EXCLUSIVE: Tony Vinciquerra, who Deadline first reported was considered a leading candidate for the job, is in serious discussions with Sony to replace outgoing CEO Michael Lynton. Vinciquerra would come to Sony with a wealth of experience in television (broadcast and cable), media, technology and in the telecom industry from his time both in the industry and from a stint at TPG Capital. He would, as Lynton did, report to Sony Corp president and CEO Kazuo Hirai.
The job offer follows weeks of multiple meetings between the Japanese and the executive, we were told. The discussions with Sony are moving forward nicely and, as we have seen in the past with previous executive hirings by Sony, the process has been slow and methodic. We hear the hiring announcement could come this week or early next week. Sony declined comment.
Vinciquerra’s job description would be different from the one Lynton previously encompassed as the new post will oversee film and TV but not the music division. Lynton’s job was also as EVP, Officer in Charge of Music Businesses of Sony Corp.
Vinciquerra is considered a top-notch manager and, basically, a grown-up. He is the former chairman of Fox Networks Group and was an executive at both Hearst and CBS.
All eyes right now are now on what will happen to the studio’s film chairman Tom Rothman, who has continued to ruffle feathers on the lot and has led to some consternation with both filmmakers and executives. We’ve been told that Vinciquerra would be given the courtesy by his bosses to be to assemble his own team. He does not have feature experience so that might play into any decision.
One of the things that is still unresolved is whether Sony will be able to get the next James Bond film, which has become the subject of a fierce tug-of-war between studios. Regardless of whether Daniel Craig stars in it, the Bond franchise adds a major domestic and international tentpole to any slate.
How important is it to Sony? So much that Sony Corp’s Hirai just recently made a video “James Bond” presentation in an effort to lure the film to the studio. He even appeared dressed as James Bond.

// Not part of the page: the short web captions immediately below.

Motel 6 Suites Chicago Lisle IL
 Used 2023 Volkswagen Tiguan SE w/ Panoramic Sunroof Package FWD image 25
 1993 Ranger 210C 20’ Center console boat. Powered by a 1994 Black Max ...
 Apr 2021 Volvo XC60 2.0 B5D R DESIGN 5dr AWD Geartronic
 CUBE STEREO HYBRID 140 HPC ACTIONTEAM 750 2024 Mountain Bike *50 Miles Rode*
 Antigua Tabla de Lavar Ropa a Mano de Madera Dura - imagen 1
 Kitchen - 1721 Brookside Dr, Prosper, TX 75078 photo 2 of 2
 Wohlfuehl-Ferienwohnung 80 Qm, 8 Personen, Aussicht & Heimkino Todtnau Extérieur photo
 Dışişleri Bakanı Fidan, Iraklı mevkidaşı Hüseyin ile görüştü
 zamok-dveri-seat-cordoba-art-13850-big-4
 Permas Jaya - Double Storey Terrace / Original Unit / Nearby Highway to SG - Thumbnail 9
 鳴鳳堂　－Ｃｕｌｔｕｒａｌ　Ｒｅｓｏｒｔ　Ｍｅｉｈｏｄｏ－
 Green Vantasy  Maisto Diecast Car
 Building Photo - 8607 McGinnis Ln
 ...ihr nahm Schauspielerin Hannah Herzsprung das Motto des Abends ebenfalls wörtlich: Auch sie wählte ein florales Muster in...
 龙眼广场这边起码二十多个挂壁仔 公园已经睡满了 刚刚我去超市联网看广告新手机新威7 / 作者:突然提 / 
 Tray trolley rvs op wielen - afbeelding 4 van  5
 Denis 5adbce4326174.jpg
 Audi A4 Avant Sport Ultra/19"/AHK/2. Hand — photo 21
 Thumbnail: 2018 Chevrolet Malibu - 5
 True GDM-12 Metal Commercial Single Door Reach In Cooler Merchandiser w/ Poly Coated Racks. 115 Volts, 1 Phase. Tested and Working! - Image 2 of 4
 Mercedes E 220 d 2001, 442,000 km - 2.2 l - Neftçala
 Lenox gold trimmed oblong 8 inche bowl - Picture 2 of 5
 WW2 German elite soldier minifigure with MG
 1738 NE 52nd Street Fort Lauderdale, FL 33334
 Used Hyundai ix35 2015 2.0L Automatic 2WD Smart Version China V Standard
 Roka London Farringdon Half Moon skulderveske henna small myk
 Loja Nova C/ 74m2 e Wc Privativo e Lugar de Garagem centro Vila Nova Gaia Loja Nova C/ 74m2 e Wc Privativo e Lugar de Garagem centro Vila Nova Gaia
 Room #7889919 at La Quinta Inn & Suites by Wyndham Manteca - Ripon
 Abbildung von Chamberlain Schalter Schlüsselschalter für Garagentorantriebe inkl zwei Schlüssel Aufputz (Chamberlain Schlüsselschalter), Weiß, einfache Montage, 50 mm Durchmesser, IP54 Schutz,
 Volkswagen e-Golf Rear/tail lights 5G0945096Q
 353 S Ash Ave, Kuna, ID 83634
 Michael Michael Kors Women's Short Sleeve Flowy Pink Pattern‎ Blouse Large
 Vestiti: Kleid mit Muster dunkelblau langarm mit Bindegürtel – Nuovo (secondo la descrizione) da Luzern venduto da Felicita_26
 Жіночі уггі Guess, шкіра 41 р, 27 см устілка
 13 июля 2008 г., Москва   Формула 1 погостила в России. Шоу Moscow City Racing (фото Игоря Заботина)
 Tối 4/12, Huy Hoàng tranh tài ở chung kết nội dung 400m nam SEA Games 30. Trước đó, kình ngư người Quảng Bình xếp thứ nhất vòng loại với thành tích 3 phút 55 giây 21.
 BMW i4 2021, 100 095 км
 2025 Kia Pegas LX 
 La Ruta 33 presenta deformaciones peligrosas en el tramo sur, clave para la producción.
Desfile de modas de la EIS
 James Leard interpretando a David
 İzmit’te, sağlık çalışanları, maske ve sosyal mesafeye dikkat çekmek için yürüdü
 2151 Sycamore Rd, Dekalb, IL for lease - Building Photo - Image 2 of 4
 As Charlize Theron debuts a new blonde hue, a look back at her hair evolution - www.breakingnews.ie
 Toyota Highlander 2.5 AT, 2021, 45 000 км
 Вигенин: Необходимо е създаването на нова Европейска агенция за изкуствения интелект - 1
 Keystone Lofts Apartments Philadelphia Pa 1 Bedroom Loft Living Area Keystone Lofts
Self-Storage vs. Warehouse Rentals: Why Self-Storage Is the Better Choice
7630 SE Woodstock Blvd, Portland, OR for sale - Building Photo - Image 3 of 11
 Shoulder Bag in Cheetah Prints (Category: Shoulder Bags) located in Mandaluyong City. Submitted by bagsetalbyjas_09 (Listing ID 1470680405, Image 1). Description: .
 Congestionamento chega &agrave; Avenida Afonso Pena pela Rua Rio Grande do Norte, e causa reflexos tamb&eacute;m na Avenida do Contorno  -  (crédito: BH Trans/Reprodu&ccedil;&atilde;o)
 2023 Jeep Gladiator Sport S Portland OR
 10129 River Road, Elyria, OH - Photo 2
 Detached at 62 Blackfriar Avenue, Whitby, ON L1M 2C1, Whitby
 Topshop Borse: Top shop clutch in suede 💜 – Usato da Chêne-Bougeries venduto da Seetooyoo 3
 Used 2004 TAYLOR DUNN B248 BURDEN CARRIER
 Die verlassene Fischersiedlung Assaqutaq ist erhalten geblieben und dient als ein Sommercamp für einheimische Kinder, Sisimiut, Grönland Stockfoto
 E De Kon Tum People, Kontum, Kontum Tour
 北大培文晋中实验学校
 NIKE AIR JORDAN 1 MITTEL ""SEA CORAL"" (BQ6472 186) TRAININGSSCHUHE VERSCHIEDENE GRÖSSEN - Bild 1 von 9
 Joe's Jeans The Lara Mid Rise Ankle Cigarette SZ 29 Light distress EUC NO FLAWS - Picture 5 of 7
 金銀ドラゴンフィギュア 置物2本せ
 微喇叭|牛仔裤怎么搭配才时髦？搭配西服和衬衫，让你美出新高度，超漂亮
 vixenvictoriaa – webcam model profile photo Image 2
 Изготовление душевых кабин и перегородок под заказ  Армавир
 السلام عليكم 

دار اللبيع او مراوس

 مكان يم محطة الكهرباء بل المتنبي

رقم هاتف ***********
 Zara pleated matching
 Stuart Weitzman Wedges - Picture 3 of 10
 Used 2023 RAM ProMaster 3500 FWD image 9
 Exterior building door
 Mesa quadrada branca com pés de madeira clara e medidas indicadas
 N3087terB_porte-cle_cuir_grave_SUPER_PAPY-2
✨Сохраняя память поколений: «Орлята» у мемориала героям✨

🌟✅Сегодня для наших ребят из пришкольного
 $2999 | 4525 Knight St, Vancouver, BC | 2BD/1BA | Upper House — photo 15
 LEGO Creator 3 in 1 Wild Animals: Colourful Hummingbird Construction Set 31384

Ideally, they would keep it at the studio. The James Bond distribution deal with Sony expired after Spectre, which was released in 2015 to a whopping $880 million worldwide and since then it’s been a guessing game as to where the next film in the franchise will land. It’s no secret that both Warner Bros and Sony want this film and, in fact, have had serious conversations with MGM and 007 Danjaq producers Michael Wilson and Barbara Broccoli. Other studios, however, are also in the mix — Fox and Universal are known to have been circling. Any deal is said to be months away.
MGM has had a very good relationship with Warner Bros through the successful release of the Hobbit movies, which were also box office gold. But in both cases, executive changes have come in the marketing and distribution ranks at both studios so there is a different environment at both.
Sony wrangled away Casino Royale years ago in a deal orchestrated by former Sony Pictures Entertainment CEO John Calley, who revived Bond while head of United Artists. They cast Daniel Craig as the sixth actor to play Bond on the big screen and audiences embraced him as it grossed $599M worldwide — in 2006. After that, in an effort to keep hold of the franchise, Sony made another deal with MGM, cutting a co-fi deal on several pictures (like 21 Jump Street) that ended up making MGM a lot of money.
Word came about 1o days ago that Sony was conducting background checks on Vinciquerra, but at that time, they were looking at others, too, and no job offer had materialized to anyone. Japanese management have been painstakingly methodic in selecting a candidate; they hired an exec search firm but also relied on Lynton’s guidance in finding a suitable replacement.
The hiring of Vinciquerra marks the second major changing over of the guard at a Hollywood studio this year after Jim Gianopulos took the top spot at Paramount Pictures just last month.